At an unfinished 26 years and you were the happiness of my life. You were the happiness and hope to your brothers. You were sweetest and most precious part of all your father's achievements.
Q: Militants die too, they have mother’s cry for them and some of them believe that they‘re fighting for their existence. If they bring Ayham’s killer to you, and ask you to avenge him, what would you do? And what do you say to all the militias and their mothers?
I was, and am still, against all forms of violence. But when I knew how my son was beaten and tortured to death at the hands of those who are supposed to be his colleagues in the faculty of dentistry, that he was carried unconscious and thrown naked on the ground, remaining there for four days, bruised and dead…At that time I decided to go to the university and meet them, since they are familiar, and blow up at them.
I used to tell my sons and my students that the enemy is one: Israel. I never thought that the enemy would be my neighbor, or one of my students whom I used to call my own son, or the son of my friend. I used to say, and I still say, that all of them are my sons, but God damn those who deceived them and made them killers and monsters
Q: Cities have been ruined, spirits extinguished, whole families murdered and their children slain with knives. Who is responsible?
The regime, headed by that guy who we expected to step down as soon as the revolution started in order to accept the requests of his people. Those who wanted freedom or, at the very least, to announce early elections. But his own fears about the legacy of his family have brought us the unexpected
Most of those who have money, either those in power or the opposition were not hurt. Some opposition voices abroad are no more than talk. Some groups separated from the regime and formed similar mafias in the Gulf. Is the regime coming back to rule in a different form?
A: What happens to the opposition abroad doesn’t matter for us. I wish the civil and internal opposition military forces would unify in order to eliminate what is left of the regime politically and militarily. That way a civil internal force could start to make clear steps towards a civil, democratic Syria for which we gave our sons and our blood.
Q: Have you left Syria?
A: No.
Q: Do you intend to? We all want a civil Syria. "Religion is for God and the country is for all," that was the logo of the revolution. Is that logo still applicable?
A: We hope it will be, and if things change, the Syrian people will take them back to the right path, although it may be after a while.
Q: What do you want to say to the Syrian people, of all sects and ethnicities?
I just want to say: Let us go back in our memories to recover our relationships with relatives, friends, neighbors and colleagues, to forgive who faulted and pardon those who hurt us, to hold each other's hands because what remains is the worthiest and most precious of Syria.
I don’t say this theoretically; I am the one who lost a young son, a dentist.
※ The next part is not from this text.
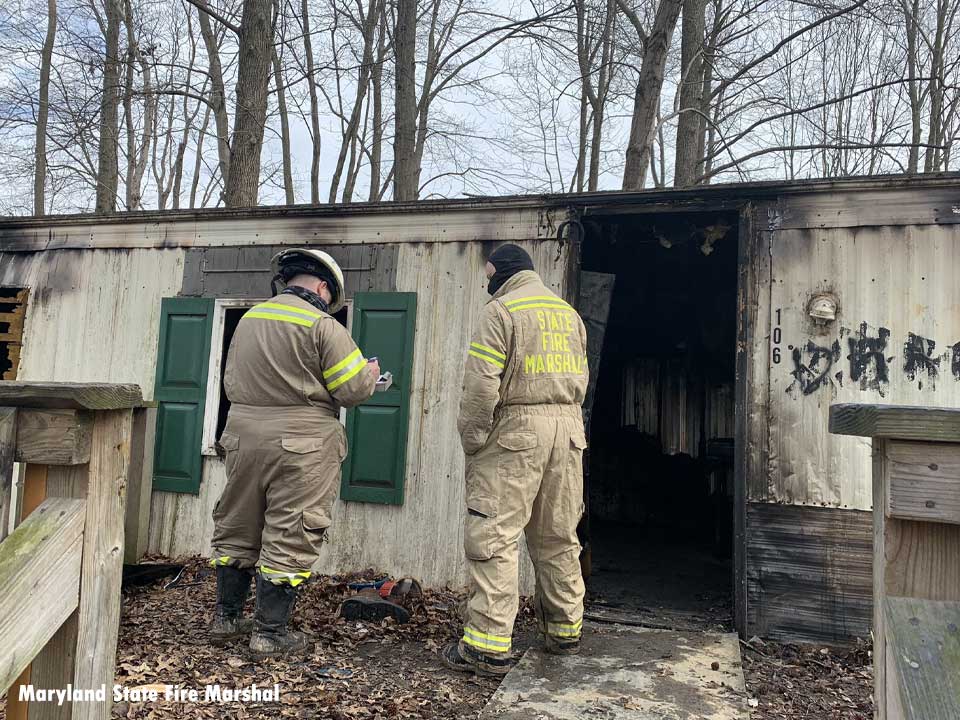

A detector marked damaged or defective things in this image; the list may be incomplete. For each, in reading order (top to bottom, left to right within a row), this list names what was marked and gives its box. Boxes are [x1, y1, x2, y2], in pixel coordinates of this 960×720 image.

burned interior [576, 210, 744, 624]
charred door frame [568, 197, 760, 636]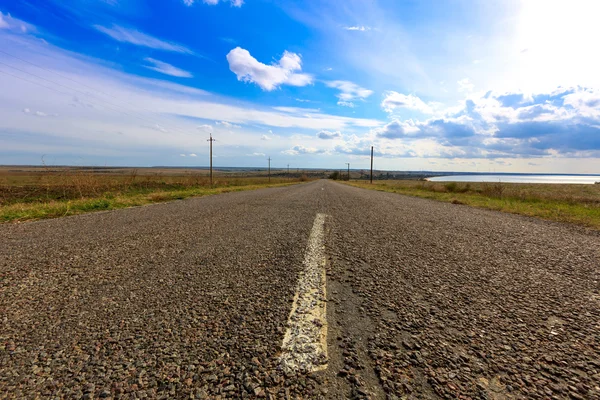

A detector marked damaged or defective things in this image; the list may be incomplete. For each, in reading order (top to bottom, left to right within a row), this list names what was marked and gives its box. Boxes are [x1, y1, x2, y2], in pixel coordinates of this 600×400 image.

I lost him to savages. I am the one who lost a house which was our safety. My sons lost their dear brother and their life-long home, which we built and furnished. We are now homeless, living in my brother's house, which he was forced to leave and gave to me and my sons and my sister, who also lost her house during a bombardment, along with her children and her husband.
I repeat: Let us forgive and let justice rule after the fall of the regime.
By Nadia Khalouf
......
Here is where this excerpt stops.